==== Data under study ====

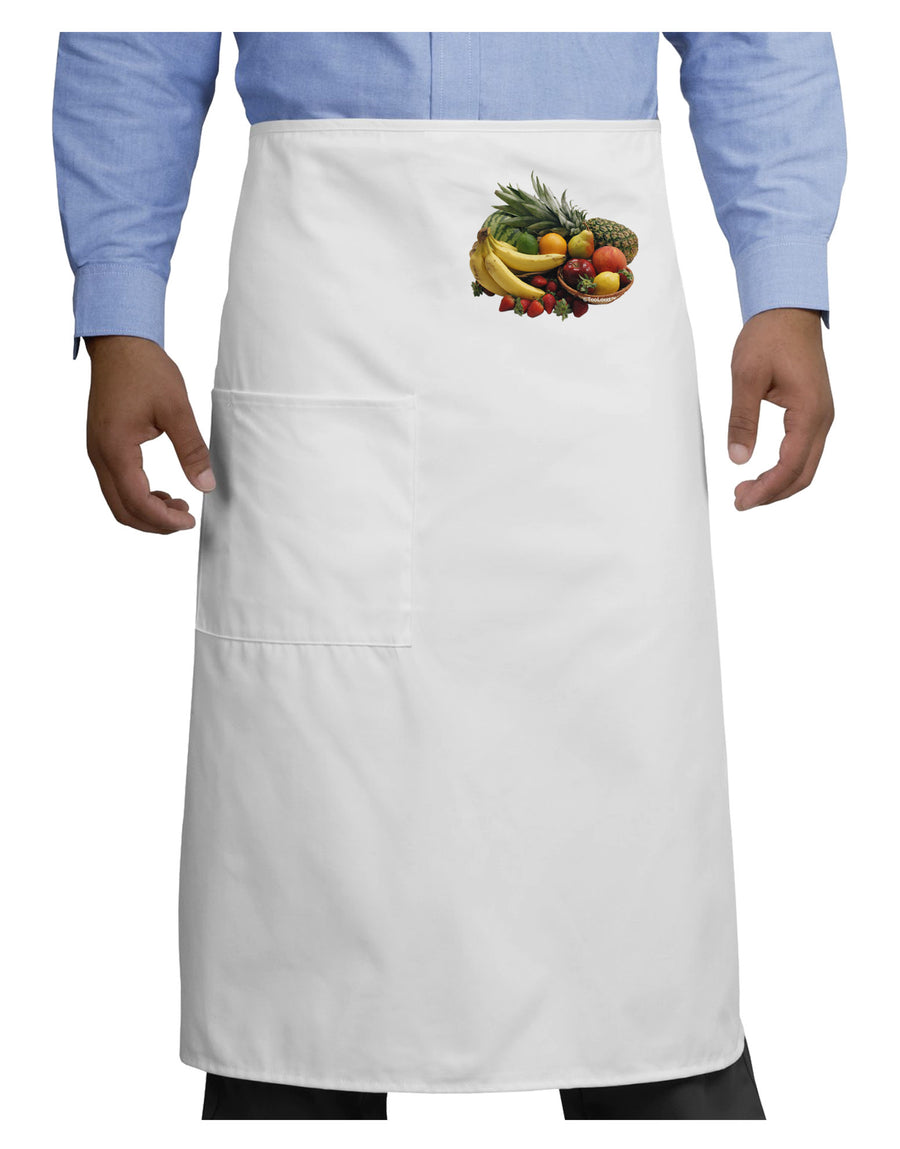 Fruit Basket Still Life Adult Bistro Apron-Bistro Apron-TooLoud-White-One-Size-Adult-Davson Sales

====
==== Data under study ====

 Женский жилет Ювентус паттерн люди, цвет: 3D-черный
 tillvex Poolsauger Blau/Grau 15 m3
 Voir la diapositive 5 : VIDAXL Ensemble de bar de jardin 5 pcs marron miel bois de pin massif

====
==== Data under study ====

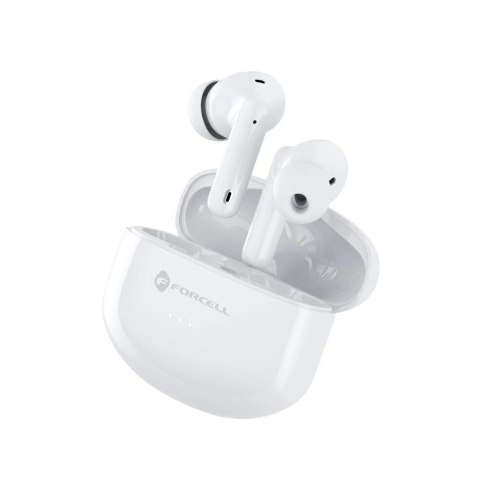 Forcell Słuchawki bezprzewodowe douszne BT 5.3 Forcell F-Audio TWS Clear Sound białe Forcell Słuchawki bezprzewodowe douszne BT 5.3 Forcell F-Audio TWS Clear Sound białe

====

_Activity_
The listing above holds a line with "Женский жилет Ювентус" and a line with "Voir la diapositive". Print the stretch from the first through the second, exactly and alone.

_Output of the exercise_
 Женский жилет Ювентус паттерн люди, цвет: 3D-черный
 tillvex Poolsauger Blau/Grau 15 m3
 Voir la diapositive 5 : VIDAXL Ensemble de bar de jardin 5 pcs marron miel bois de pin massif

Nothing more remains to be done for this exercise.